Former Vice President Mike Pence announced an end to his 2024 Presidential campaign on Saturday.
Pence has reportedly struggled in the polls and with funding – in part due to his refusal to overturn the results of the 2020 election, which some Trump supporters believed he had the power to do. His most recent campaign filing at the end of September showed $1.18 million raised and $621,000 in debt, which has only increased and could take years to pay off.
Despite trying to grow a base among Evangelicals by doubling down on anti-abortion rhetoric, Pence has struggled to find the supporters he needs in a Trump-dominated Republican Party – viewed as a traitor by Trump’s supporters and an enabling lieutenant by the former president’s critics. An Associated Press-NORC Center for Public Affairs Research also found in August that 57% of surveyed U.S. adults viewed Pence negatively, with just 28% viewing the former Indinian governor positively.
Pence chose the Republican Jewish Coalition’s gathering in Las Vegas as the site of his announcement.
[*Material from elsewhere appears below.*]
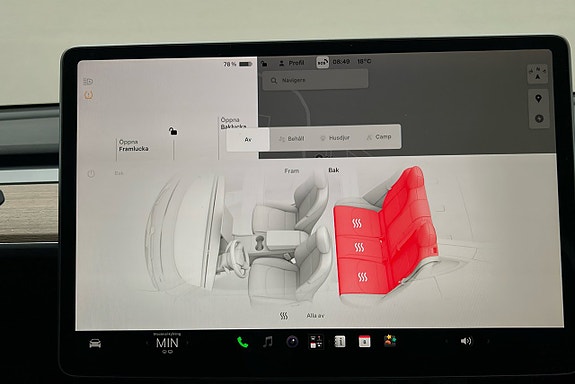 Tesla Model Y 21 of 26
“It’s become clear to me: This is not my time,” he said to a surprised audience. “We always knew this would be an uphill battle, but I have no regrets.”
He called for the Republican Party to put forward a “standard bearer” who could lead with civility, harkening back to Lincoln.
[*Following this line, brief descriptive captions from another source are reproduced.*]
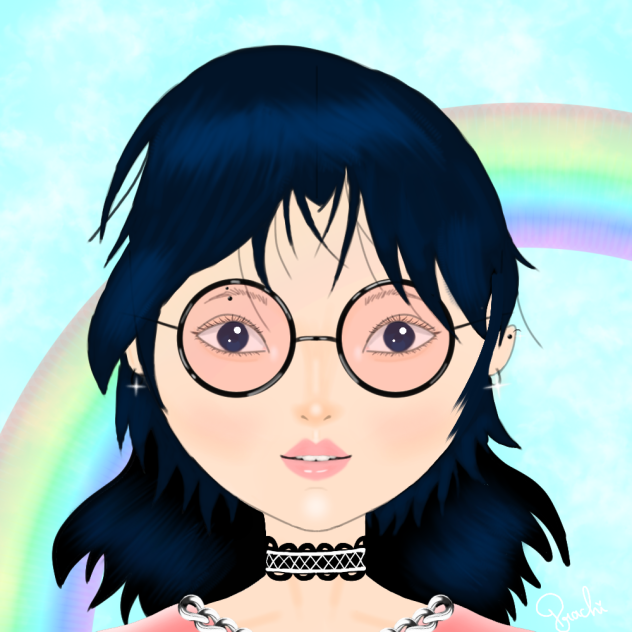 💖🌈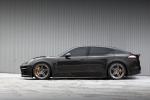 Porsche Panamera Stingray GTR by TopCar 2014 года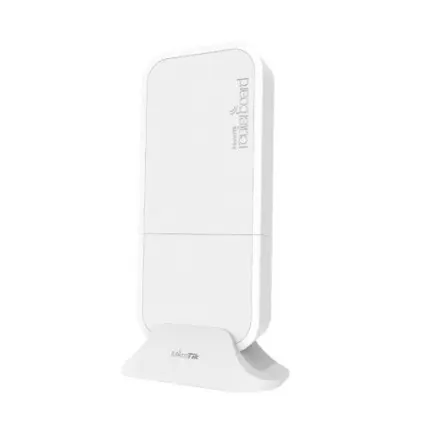Точка доступа MikroTik wAP LTE kit 2024 (wAPR-2nD&EC200A-EU)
Pence is the first major candidate in the Republican primary to drop out. He did not endorse any of the remaining candidates, though many of them wished him well. Trump, who spoke shortly after at the same event, did not acknowledge the former vice president’s announcement.
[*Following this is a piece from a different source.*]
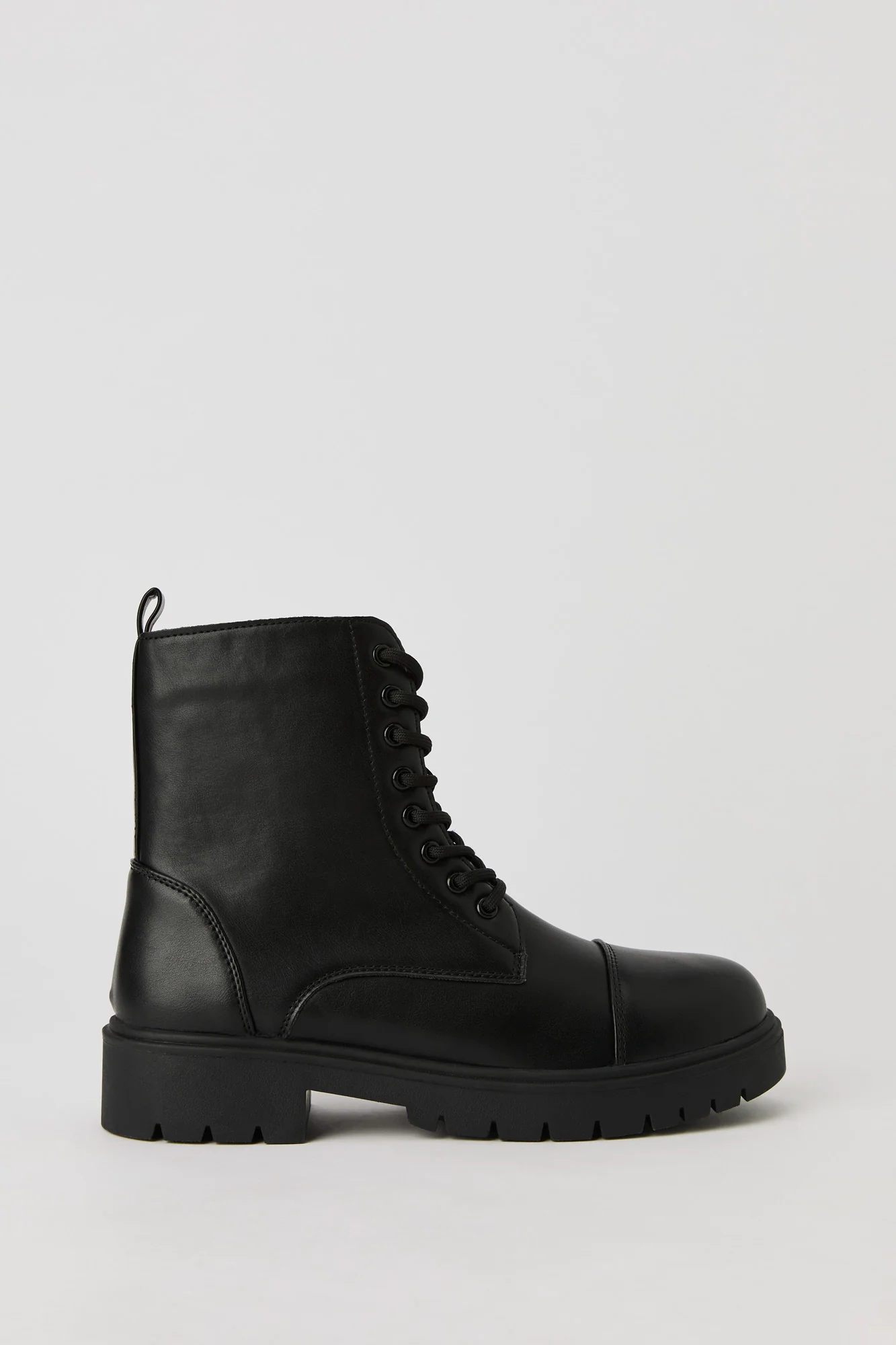 Botte militaire - Image 9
Outside the campaign, Pence will likely remain in national news, as he may be called as a witness in Trump’s trial on charges of attempting to subvert the 2020 election. He already testified before a federal grand jury in April regarding his conversations with Trump leading up to the Jan. 6 insurrection. He will also remain involved in politics through his conservative think tank Advancing American Freedom.